:: Data ::

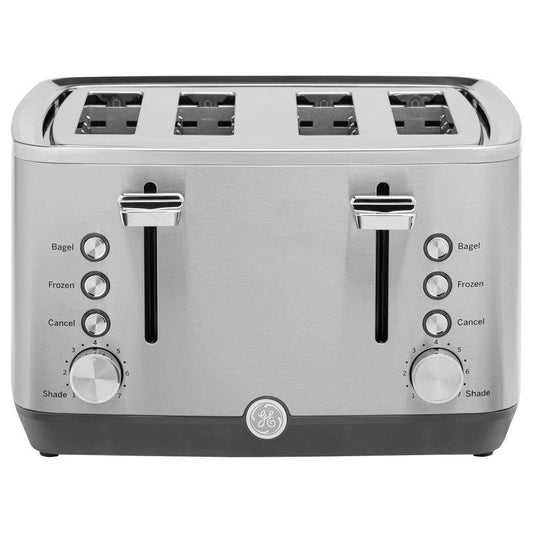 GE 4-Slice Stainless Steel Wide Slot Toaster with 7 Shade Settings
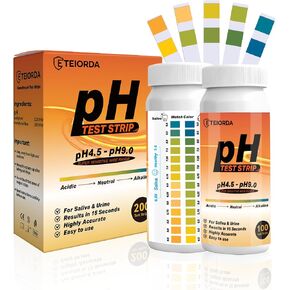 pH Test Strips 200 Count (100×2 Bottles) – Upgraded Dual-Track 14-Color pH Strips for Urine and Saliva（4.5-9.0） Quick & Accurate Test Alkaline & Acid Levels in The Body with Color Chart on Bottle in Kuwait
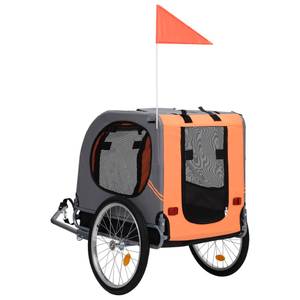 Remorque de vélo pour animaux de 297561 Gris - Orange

:::

Task statement: The answer must repeat every line of the listing exactly and leave the pictures out.

Exercise answer:
 GE 4-Slice Stainless Steel Wide Slot Toaster with 7 Shade Settings
 pH Test Strips 200 Count (100×2 Bottles) – Upgraded Dual-Track 14-Color pH Strips for Urine and Saliva（4.5-9.0） Quick & Accurate Test Alkaline & Acid Levels in The Body with Color Chart on Bottle in Kuwait
 Remorque de vélo pour animaux de 297561 Gris - Orange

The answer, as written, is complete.